Sunday, August 29, 2021

A Different Perspective on a Classic Negative Consumption Externality

I am sure that everyone is familiar with the classic externality example in which a house party's loud music reduces the wellbeing of a neighbor, who may be trying to sleep.  This would be an example of a negative consumption externality.  Surely if you walk down Rugby Road on a Thursday-Saturday night, you will hear fraternities playing loud EDM music, too.  While this may be disturbing to some, I am on the other end of the spectrum.  I enjoy hearing the loud late night music, so for me, it is a positive consumption externality.  I benefit from the fraternities' consumption, but I do not pay for the benefit.  When I hear the late night music, I am reminded (fondly) that UVA is a work-hard play-hard school, and that I fit in with the school's culture and made a good decision when choosing my college.  Furthermore, I am a deep sleeper, so the loud music is not costly in any way as it relates to my sleep.

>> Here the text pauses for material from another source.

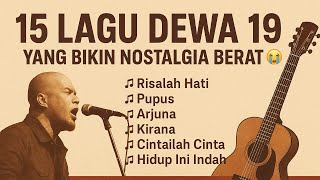 Download lagu 15 Lagu Dewa 19 yang Bikin Nostalgia Berat 😭 | Lagu Pop Indonesia Terbaik Sepanjang Masa mp3 Download lagu 15 Lagu Dewa 19 yang Bikin Nostalgia Berat 😭 | Lagu Pop Indonesia Terbaik Sepanjang Masa mp3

But what about those that do not like the music?  After some online reading, it seems that often a noise complaint can lead to a party's music being shut down and, in some cases, the host being fined.  I am somewhat conflicted on this matter because I can see both sides.  I think in this example, though, we see one of the major problems with The Coase Theorem.  The transaction costs and negotiating problems that would arise between party-goers and neighbors are far too great.  However, when a house party is fined by a local authority for loud music I have doubts that those who are harmed (the neighbors) are the ones who receive the compensation.

1 comment:

Michelle Whitlock said...

Hi Wilson,

Thanks for your post. I wanted to push back on one of your claims. I agree that loud music can have either a positive or a negative externality depending on the preferences of the consumer. However I disagree with you about transactions costs. It seems like there might be relatively few transactions costs between the neighbors and the partyers if they live close to each other (There could be many transactions costs if there are a lot of people negotiating).

I do not think this situation is necessarily a violation of the Coase Theorem if you assume that there are no transaction costs. The neighbors and the partyers can still negotiate a solution through the private market if one of the parties "internalizes the externality." Maybe the angry neighbors could charge the partyers for each hour that they keep the music loud.